大修道院までの道筋では、画家で修復も手がけたグラヴァーリを長とする考古学委員会が史跡でもある教会建築を写真に保存する作業を行っていました。これにはロシアのおけるカラー撮影のさきがけを開いた写真家のプロスクディン=ゴールスキーも加わっていました。作業が行われたのはほんの短い期間だったが、この時期に広い層のなかに絵葉書に対する関心が湧き起こったのです。

写真はかなり入念に撮影されました。たとえばムティシだけをとっても、ここは20世紀初頭には大村でしたが、40枚近くの絵葉書が作成されています。村を写した写真の数としてはこれはかなりのものです。建物、風景、それに小川のほとりの道まで写されました。1910年はモスクワに最も近い別荘地であったロシーヌィ・オーストロフ(ヘラジカの島)のカラー絵葉書が15枚近くも作られています。これが大修道院のあるセルギエフ・ポサードとなれば、絵葉書の数は400枚近くに達しました。

私は、ひとつこうした絵葉書を集めようではないかと思い立ち、それからマリヤ・クルィチニコヴァ氏といっしょに古文書を漁りました。そうしてこの本が生まれたのです。

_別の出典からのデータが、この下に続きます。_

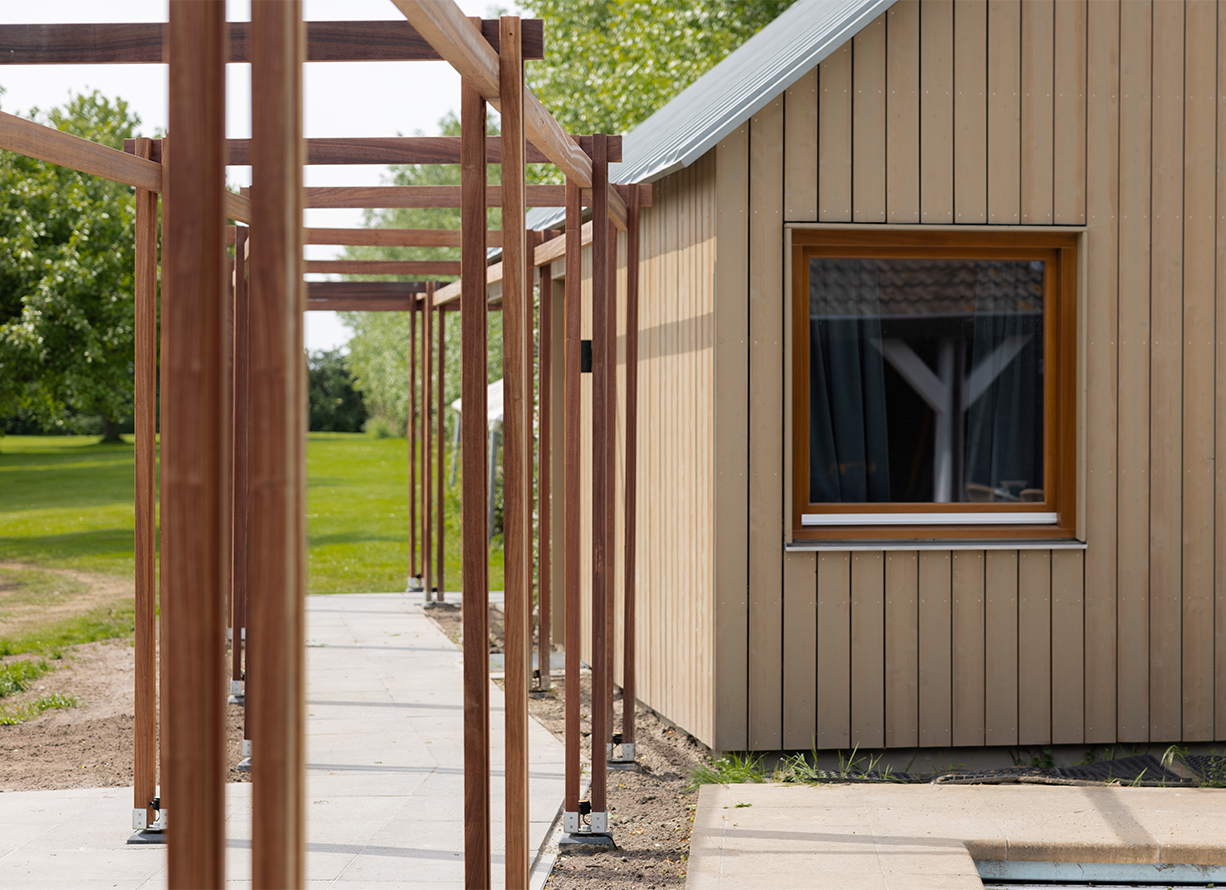 Pergola en schuur met houten kozijn in Oud-Beijerland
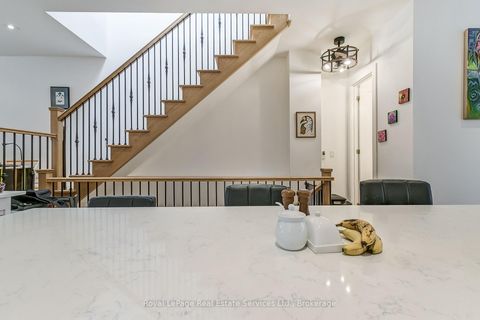 Photo 10 at 176 Leyton Avenue, Oakridge, Toronto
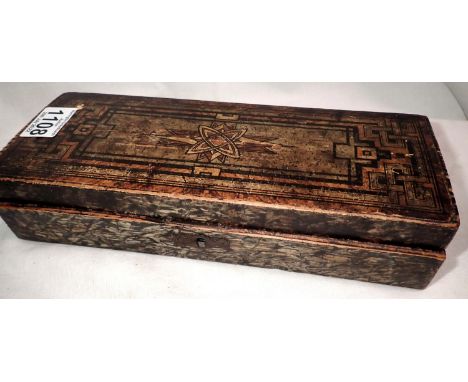 Antique wooden glove box, L: 25 cm. P&amp;P Group 1 (£14+VAT for the first lot and £1+VAT for subsequent lots) 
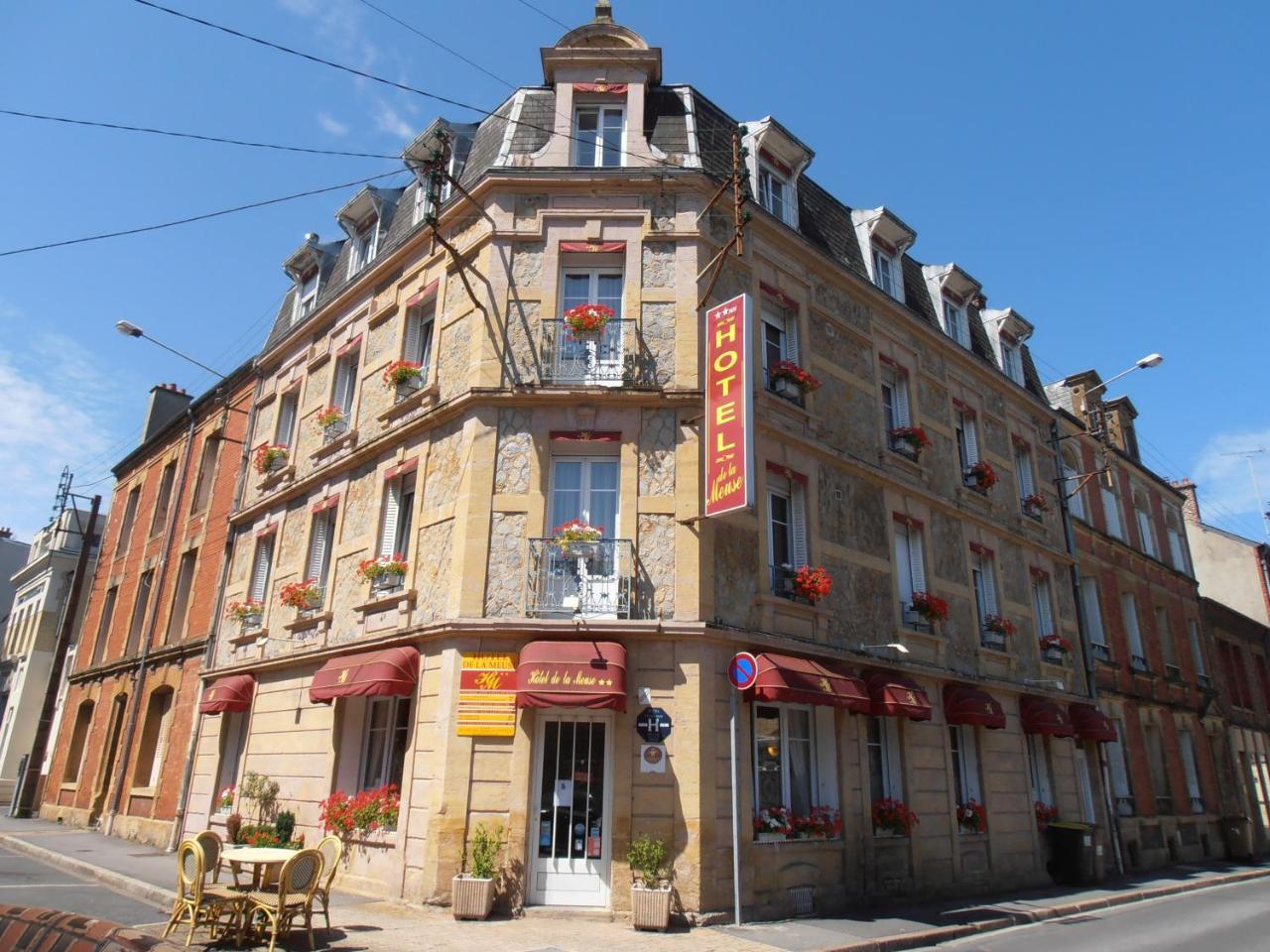 Hotel De La Meuse Charleville-Mezieres Exterior photo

タイトルを考えるのは本当に大変でした。というのもトロイツァ大修道院への道、つまりヤロスラフ街道については200冊を越える本がすでに著されており、各々がこれがトロイツァへの道であることをタイトルに表そうとしているからです。そんなわけで我々が考え付いた題名『クレムリンからラウラ(大修道院)まで』は多少高揚感に溢れたものではありますが、それでも実際を言い当てているのです。」

本は見事な作りで、ロシアで最も興味深いその場所が目覚しく発展していた当時の雰囲気に読み手をぐいぐいと引き込んでいく。過去の話ではあるがロシアは自分の歴史を忘れてはいなかった。